* **EXERCISE DESCRIPTION**
Leaving pictures out, repeat word for word the line that has "Aitziber Lopez-Cortajarena, Maria" and each line that follows it to the end of the listing.

* **INFORMATION PROVIDED**
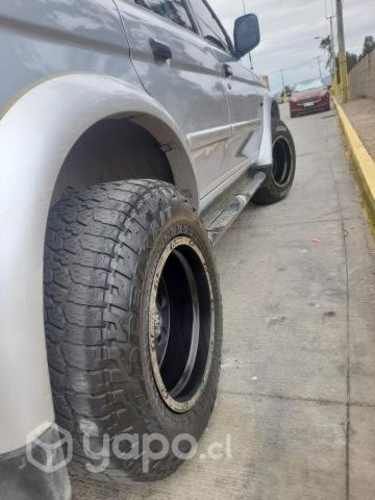 Mitsubishi montero sport 4x4 3.0 bencinero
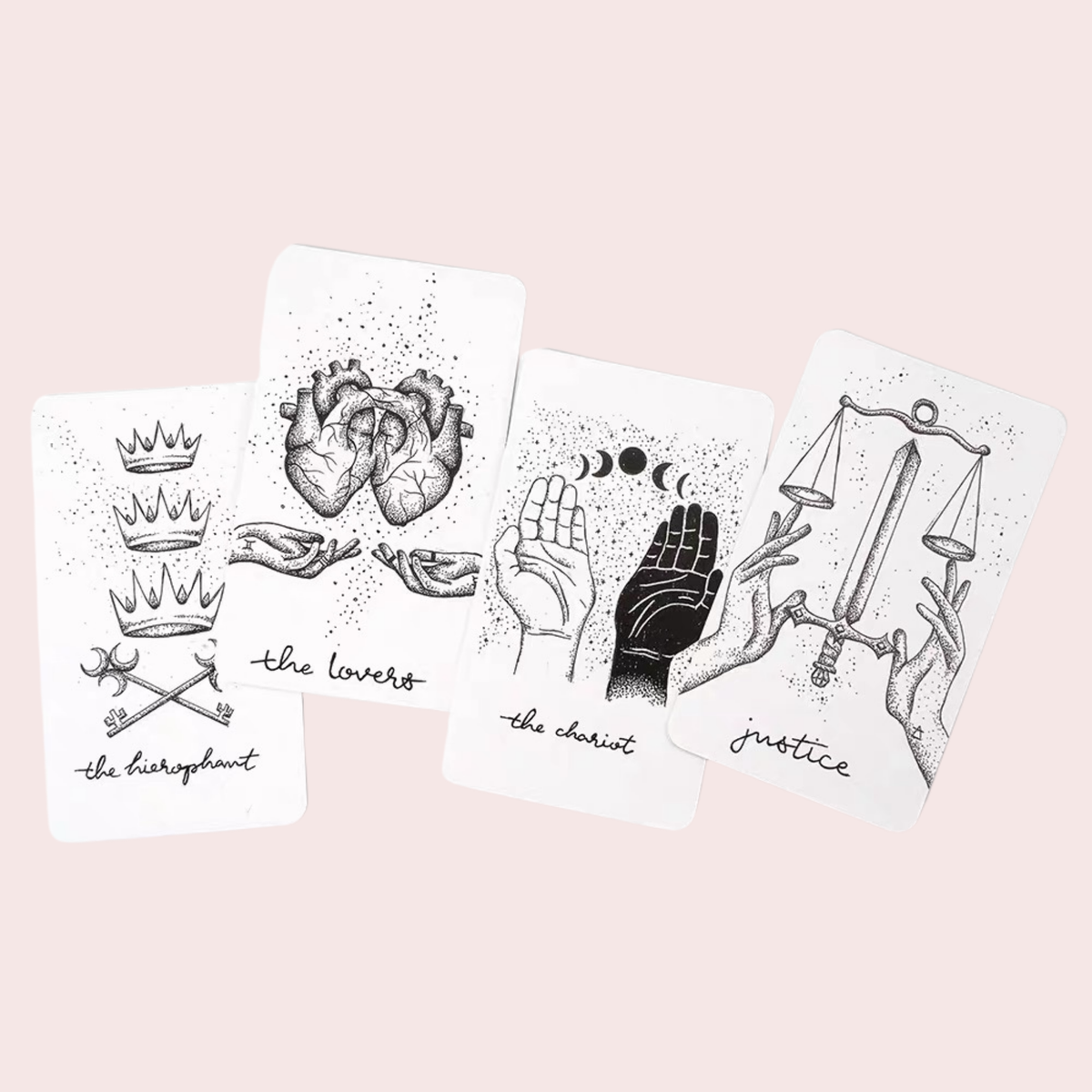 Cuatro cartas del Tarot The Wandering Moon con dibujo a línea negra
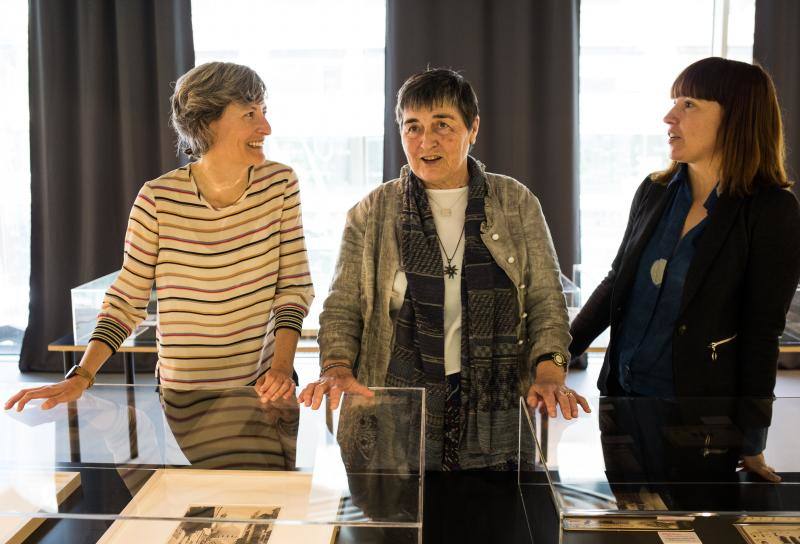 Aitziber Lopez-Cortajarena, Maria Isabel Arriortua eta Maia Garcia Vegniory, asteleheneko ekitaldian.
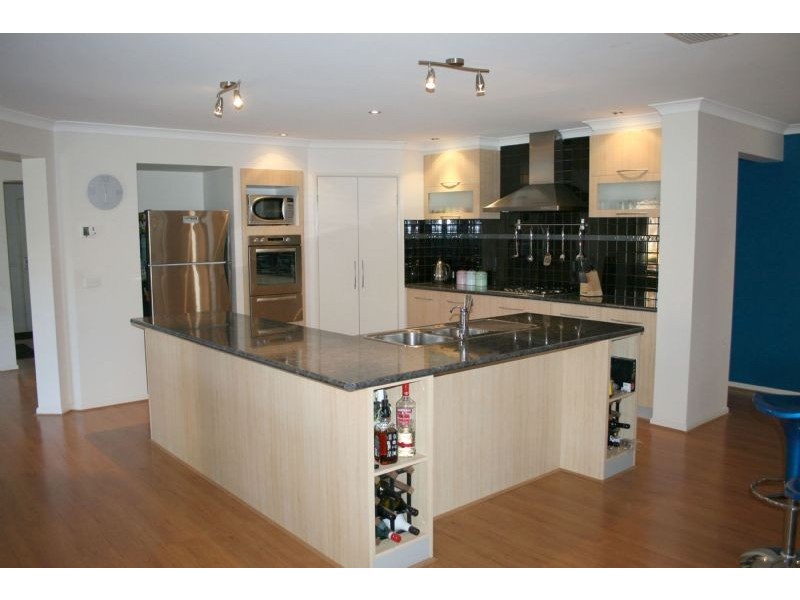 14 Malouf Court, Pakenham VIC 3810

* **FINAL ANSWER**
 Aitziber Lopez-Cortajarena, Maria Isabel Arriortua eta Maia Garcia Vegniory, asteleheneko ekitaldian.
 14 Malouf Court, Pakenham VIC 3810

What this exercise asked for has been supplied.